Source data
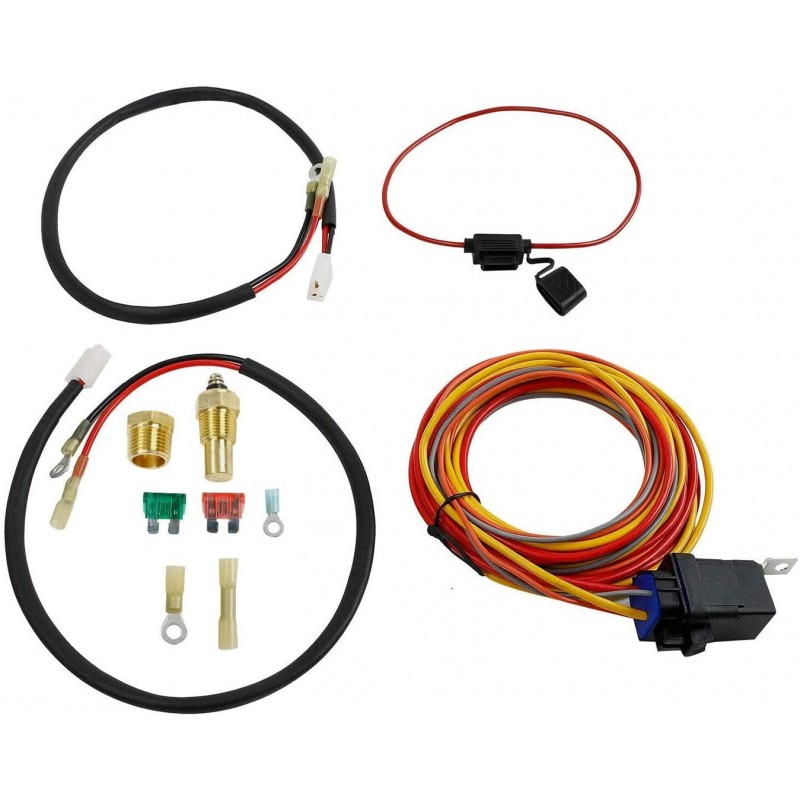 Kit collegamento relè elettroventilatore frigo 85°C 40A 64-73 Kit collegamento relè elettroventilatore frigo 85°C 40A 64-73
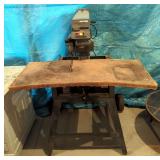 Sear Craftsman 10" Radial Saw, Model 113.198111, On metal Stand With Air Tires, 36.5" x 48" x 39" Po
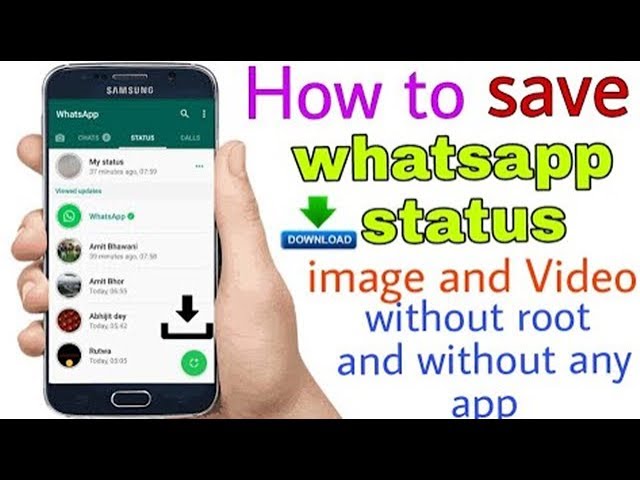 How to save/download whatsapp status video in gallery without using any app? Whatsapp trick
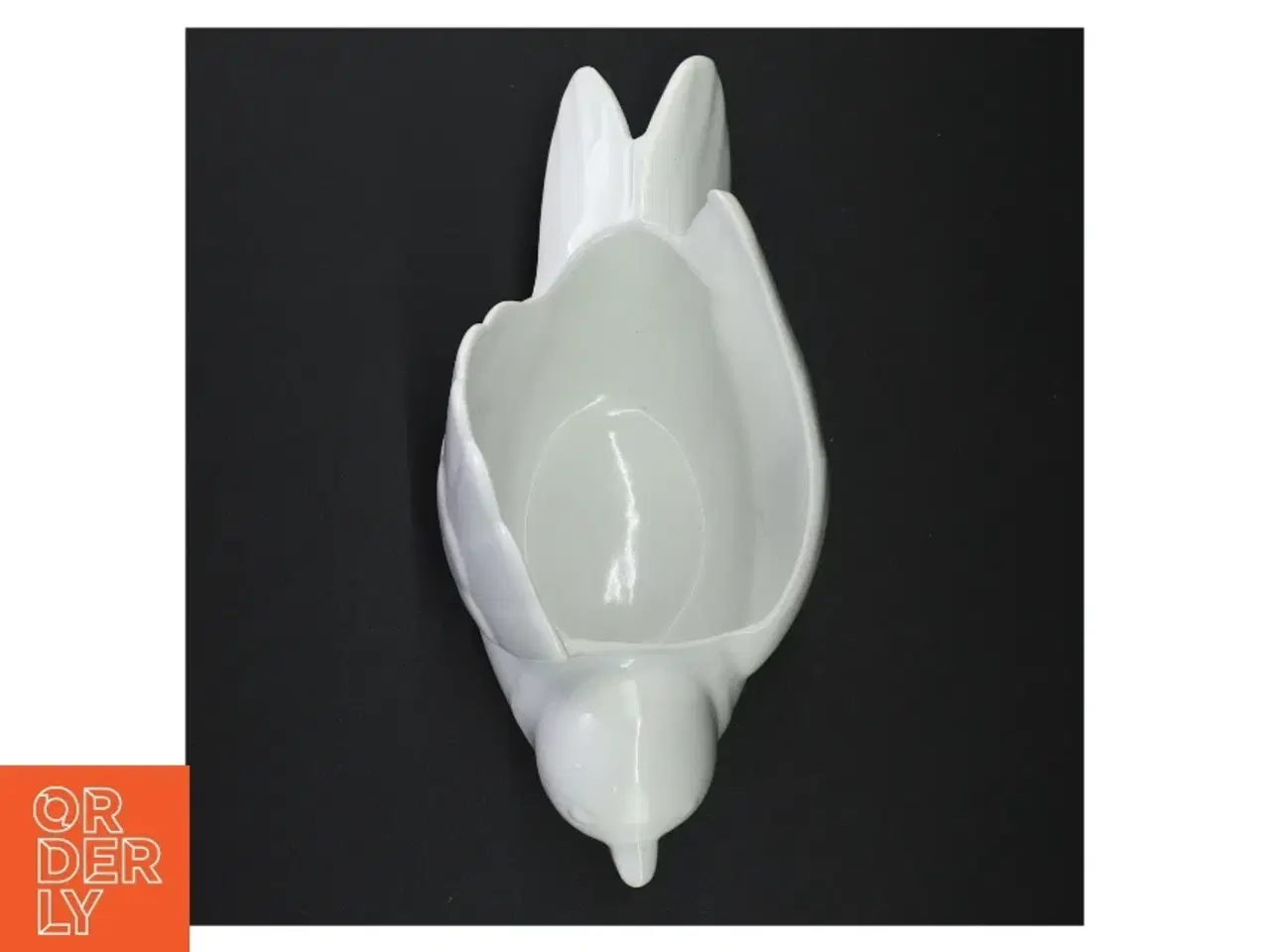 Billede 4 - Dekorativ porcelænsfugl Skål Urtepotte (str. 25 x 14 x 12 cm)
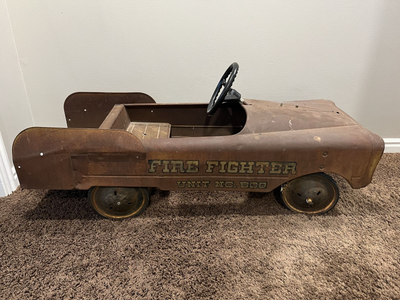 Vintage Murray Sad Face pedal car fire truck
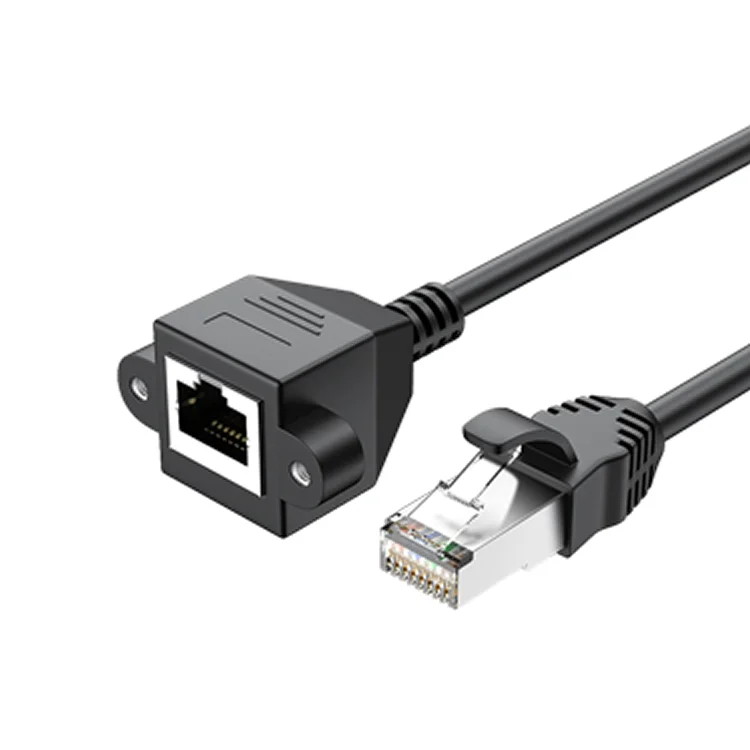 

15CM RJ45 Short Cable Male To Female Screw Panel Mount Ethernet LAN Network Extension Cable Rj45 Female To Male Cable 30cm/60cm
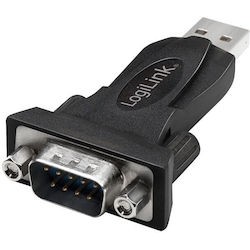 LogiLink USB 2.0 Adapter USB-A(m) zu DB9(RS232)(M)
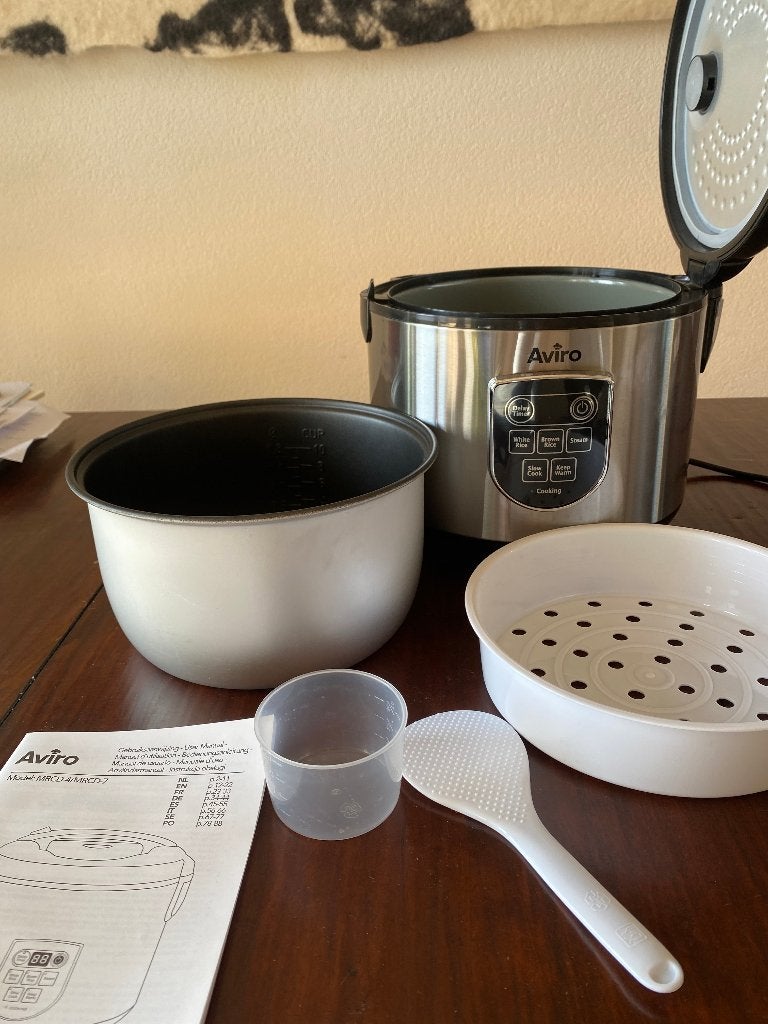 Aviro Rice Cooker 1.8 liter, Ophalen of Verzenden, Zo goed als nieuw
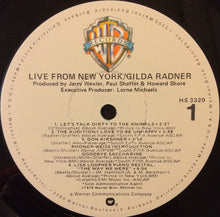 Load image into Gallery viewer, Gilda Radner : Live From New York (LP, Album, Win)
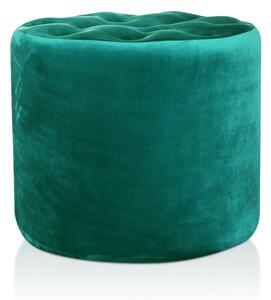 Pouf Diamante 50 cm Petrolio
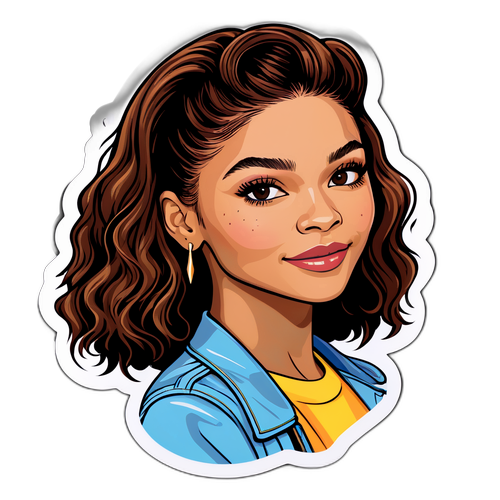 Zendaya kedvenc filmjei és sorozatai matricás design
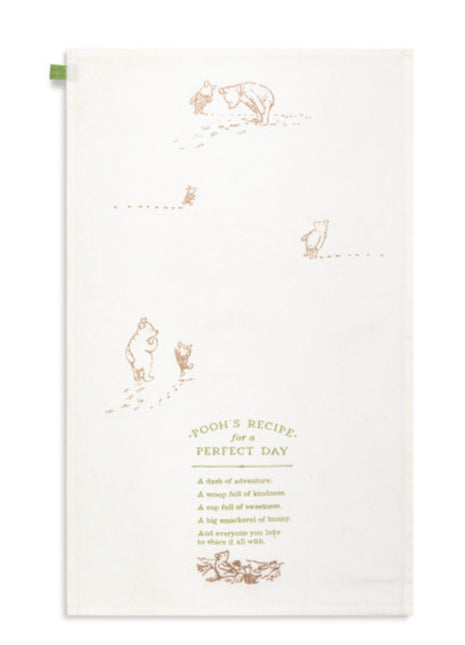 Poohs Perfect Day Kitchen Tea Towel
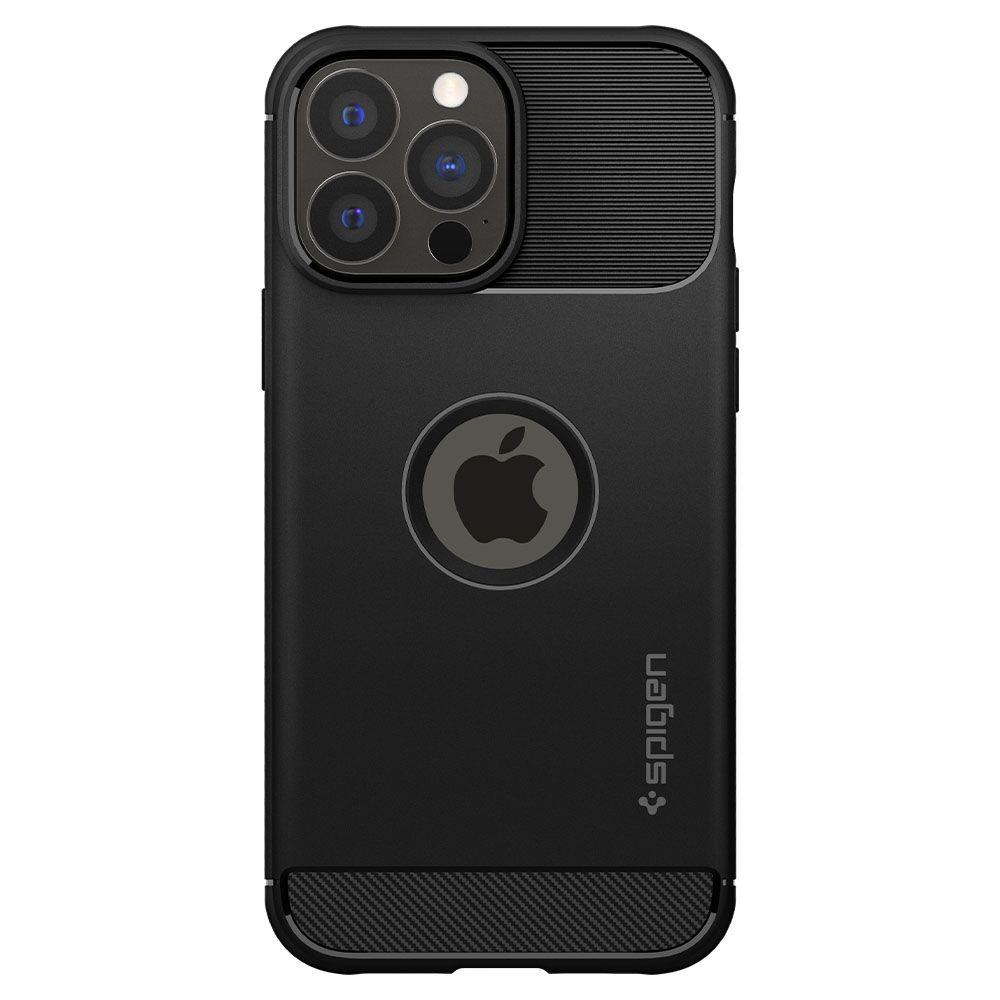 iPhone 13 Pro Max - Spigen Rugged Armor Skal - Matt Svart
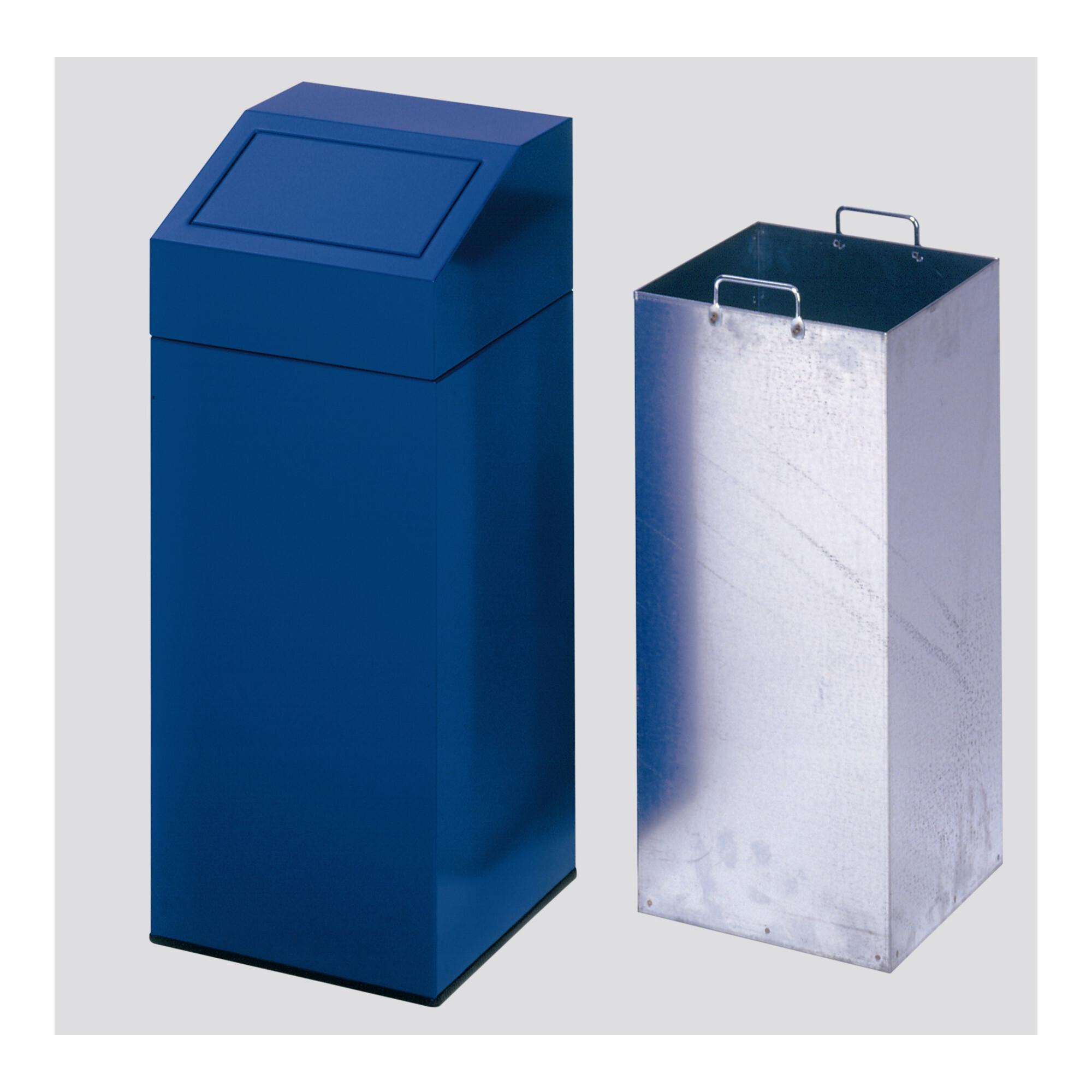 VAR Wertstoffsammler enzianblau 82 l (1243)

Exercise
Extract exactly the lines from the one containing "Pouf Diamante 50 cm Petrolio" through the last line of the records above, both included, and leave out the pictures.

Completed task
 Pouf Diamante 50 cm Petrolio
 Zendaya kedvenc filmjei és sorozatai matricás design
 Poohs Perfect Day Kitchen Tea Towel
 iPhone 13 Pro Max - Spigen Rugged Armor Skal - Matt Svart
 VAR Wertstoffsammler enzianblau 82 l (1243)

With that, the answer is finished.